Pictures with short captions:
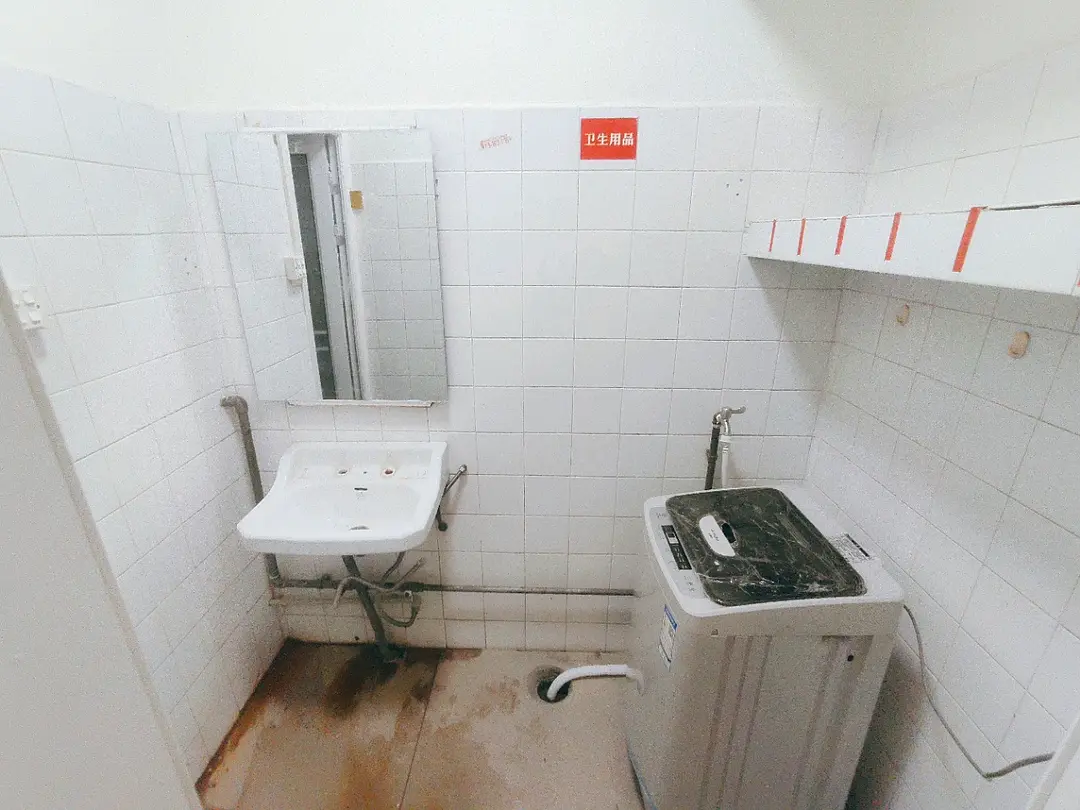 房屋图片 6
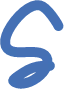 blue_letter_s emote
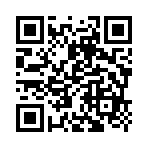 甜趣相机官网版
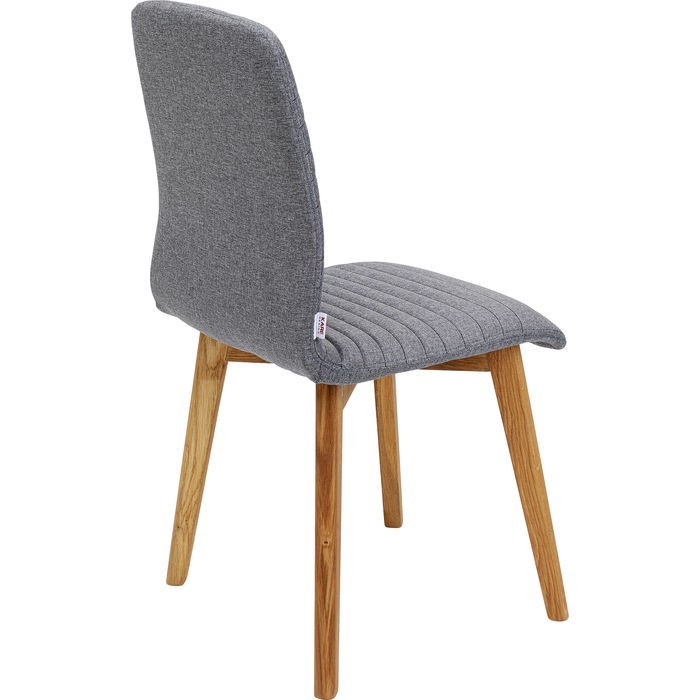 dining/dining-chairs/kare-chair-lara-grey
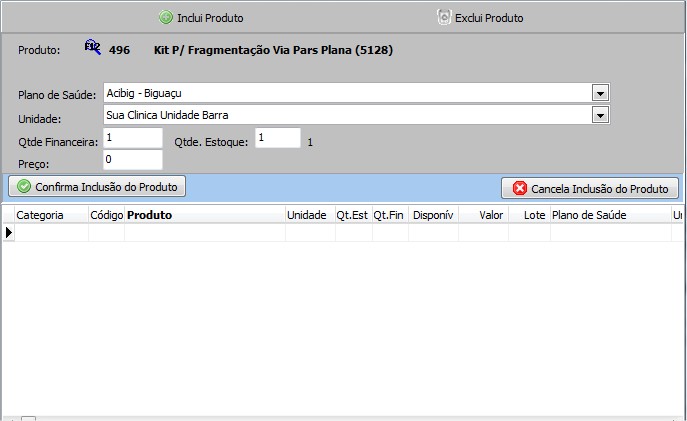 Arquivo:Mani gastos matmed.jpg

• Work order: Retype the records above exactly, and keep any picture out of what you write.

• Solution for this problem:
 房屋图片 6
 blue_letter_s emote
 甜趣相机官网版
 dining/dining-chairs/kare-chair-lara-grey
 Arquivo:Mani gastos matmed.jpg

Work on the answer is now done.